Foremost among educational needs today is the ability to cope with life on a rapidly shrinking planet, where population is exploding, resources dwindling, and where pressures are mounting dangerously for even the most elementary creature comforts - food and space. Failure to give people a basic knowledge and understanding of the global patterns which will shape their lives would represent a sorry abandonment of our commitment and a dereliction of our duty as educators. Many, if not most, of the problems this generation will be called upon to face have strong geographic overtones. Where, physically, will we put another 100 million people in the United States by the year 2000? Where will we build the 100-odd cities - each averaging one million inhabitants and all unknown and unnamed today - to accommodate them? Where will we find the resources to feed, clothe, house, and educate these new Americans, much less the three billion additional neighbors they will acquire within the next 30 years? Where will the levels of pollution and human attrition become most serious? Why does the mortality rate from civilization's most common killers, heart disease and cancer, demonstrate a stronger correlation with geographic factors than with genetic factors? These are the kinds of questions for which people are going to need answers. These are also precisely the type of questions to which modern geographers are already addressing themselves.

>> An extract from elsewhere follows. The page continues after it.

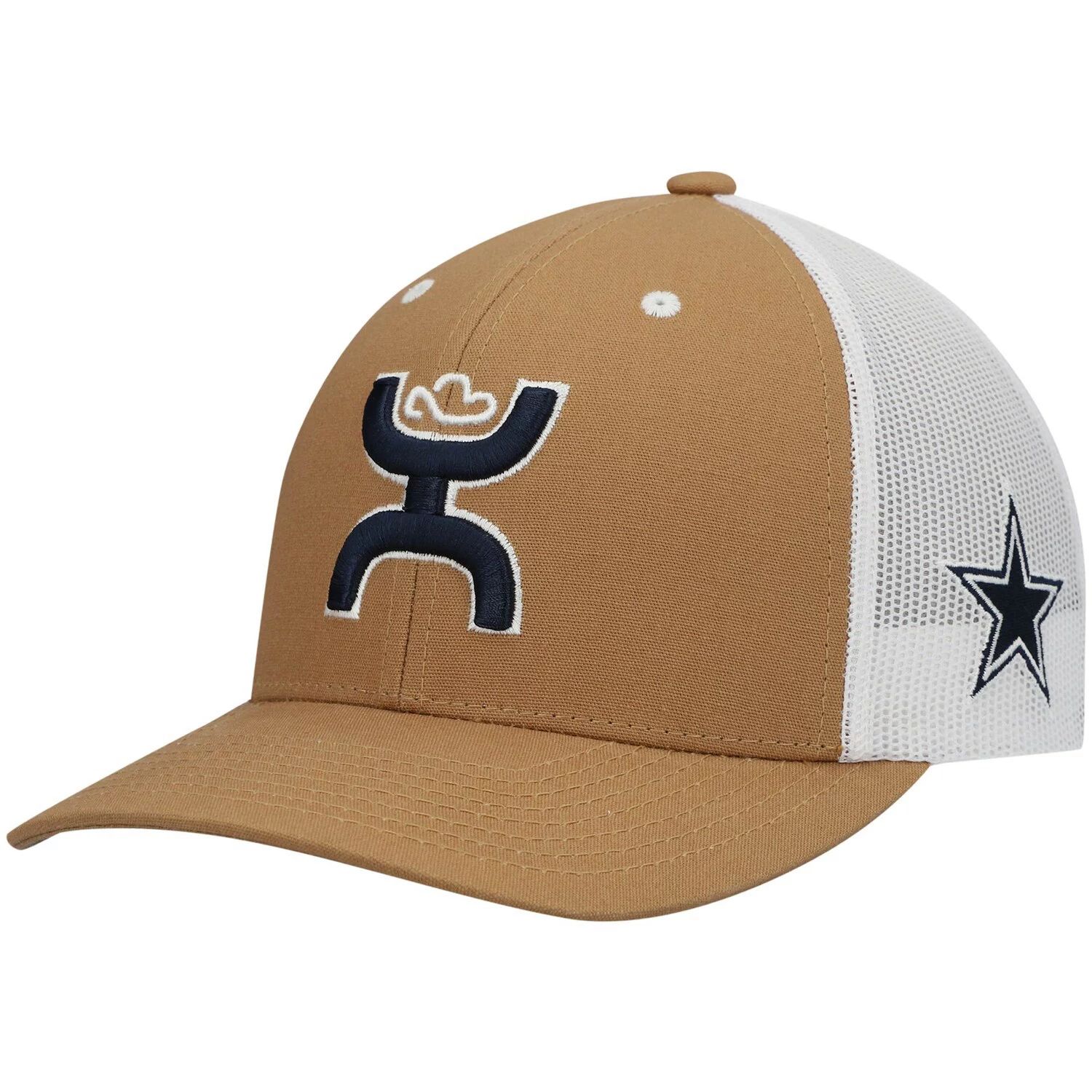 

Мужская кепка Trucker Snapback с логотипом HOOey Tan/White Dallas Cowboys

In the past geographers have concentrated chiefly on the spatial analysis of patterns which are directly observable on the earth's surface and have devoted much less study to analysis of the mental images people form of the space around them. Clearly mental images are no less real than other patterns and their analysis may well provide insight into the direction, speed and intensity of man's impact on the environment.
Recent technological advances, in developed countries at least, have led to lower costs and a decreasing significance of the time - distance continuum. Thus the traditional constraints on the location of industry, business and even place of residence have been somewhat loosened. Does it not follow that the decision to locate, today more than ever, is related to the preconceptions or mental images of the quality of place held by key leaden of industry, commerce and government?
With this thought in mind and with the knowledge that quality of life has become a significant resource in the minds of most Americans today an evaluation of the mental images that Dartmouth undergraduates (leaders of tomorrow) have of geographic space was undertaken by the students in the course Introduction to Human Geography.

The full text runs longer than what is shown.